February is American Heart Month and heart health can be a big motivator when it comes to exercise. However, sometimes we fear we’ve done too much. It can be scary finishing up a workout and feeling a sudden pain in your chest. You may start jumping to conclusions, thinking that you’re having heart issues or your lungs are failing. But in reality, post-workout chest pain can usually be attributed to a number of things that aren’t always severe.
It never hurts to be too careful though, so if you’re experiencing persistent or recurring chest pain, visit your doctor immediately. In the meantime, read about five potential causes of post-workout chest pain.
The term “gastrointestinal” refers to the system of the body that takes in food, digests it, and distributes it as nutrients. Many people suffer from a specific gastrointestinal issue called gastroesophageal reflux disease (GERD, or more commonly known as ‘heartburn’). GERD is a chronic condition that results when stomach acid moves into the food pipe causing irritation.
GERD is mostly a harmless disease but it can still cause a lot of pain and anxiety if it isn’t dealt with. To combat the symptoms of GERD, your doctor will likely put you on a strict diet that cuts out heartburn triggers such as fatty foods, alcohol, citrus, and more. There are also several medications for GERD like proton-pump inhibitors (PPIs) which reduce the amount of acid in the stomach.
Trauma or Inflammation
No matter whether you’re an athlete or you just enjoy exercising, chest trauma and inflammation are always a possibility. If you took a hit to the chest or you work your chest muscles frequently, you may experience something called costochondritis. This term refers to inflammation of the cartilage where the rib attaches to the chest bone.
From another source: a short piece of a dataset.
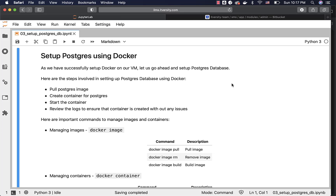By now, you should have provisioned an Ubuntu-based VM from GCP and set up Docker on it. Assuming that you have set up Docker on an Ubuntu-based VM, let's go ahead and set up a Postgres database.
Chest pain can also be caused by bruising on the chest or broken ribs.
Many people think of fitness as a stress reliever, and in most cases, it certainly is. However, in people with panic disorders or other related conditions, exercise can actually trigger anxiety. If you’re getting ready for a sporting match or a competition of some sort, you may feel stressed out or anxious beforehand. As your body begins to tense up, you may start to feel pain in your chest and stomach. Anxiety treatment includes psychological counseling and cognitive behavioral therapy (CBT).
One of the most common causes of lung problems while exercising is called exercise-induced bronchospasm, also known as exercise-induced asthma. This is a condition that causes your airways to constrict and become inflamed making it difficult to breathe and often leading to chest tightness, chest pain, and wheezing. Contrary to popular belief, asthma symptoms can develop at any age; they are not solely hereditary.
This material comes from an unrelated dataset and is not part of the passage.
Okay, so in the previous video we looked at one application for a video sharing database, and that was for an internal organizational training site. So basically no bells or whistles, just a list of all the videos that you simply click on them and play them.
Another potential cause of post-workout chest pain is chronic obstructive pulmonary disease (COPD). COPD is one of the most common lung diseases in the world and is usually caused by years of cigarette smoking. COPD is divided into two main categories: chronic bronchitis which affects the bronchial tubes and emphysema which affects the alveoli, tiny air sacs within the lungs. Quit smoking immediately and consult a doctor for COPD treatment.
Lastly, heart problems can be the cause of post-workout chest pain. In older adults, angina is a common cause of heart problems. Angina results when there is a lack of blood flow to the heart, usually due to coronary artery disease. Angina is a critical medical condition meaning you should seek professional care immediately. Your doctor will help you set up a diet, exercise plan, and may provide you with medication to help prevent angina.
In younger adults, congenital heart defects are a more common culprit of post-workout chest pain. These are conditions that were present at birth such as hypertrophic cardiomyopathy, an excessive thickening of the heart muscle, and ventricular septal defect. Myocarditis is another potential cause of chest pain which involves inflammation in the heart muscle. Myocarditis is a condition that typically does not exist at birth.
While there are many problems that could be causing post-workout chest pain, these are some of the most common. Typically, chest pain is not a serious issue, but if it persists for more than an hour or so after exercise or you experience it every day, speak with your doctor right away. The sooner you’re diagnosed, the easier it will be to recover.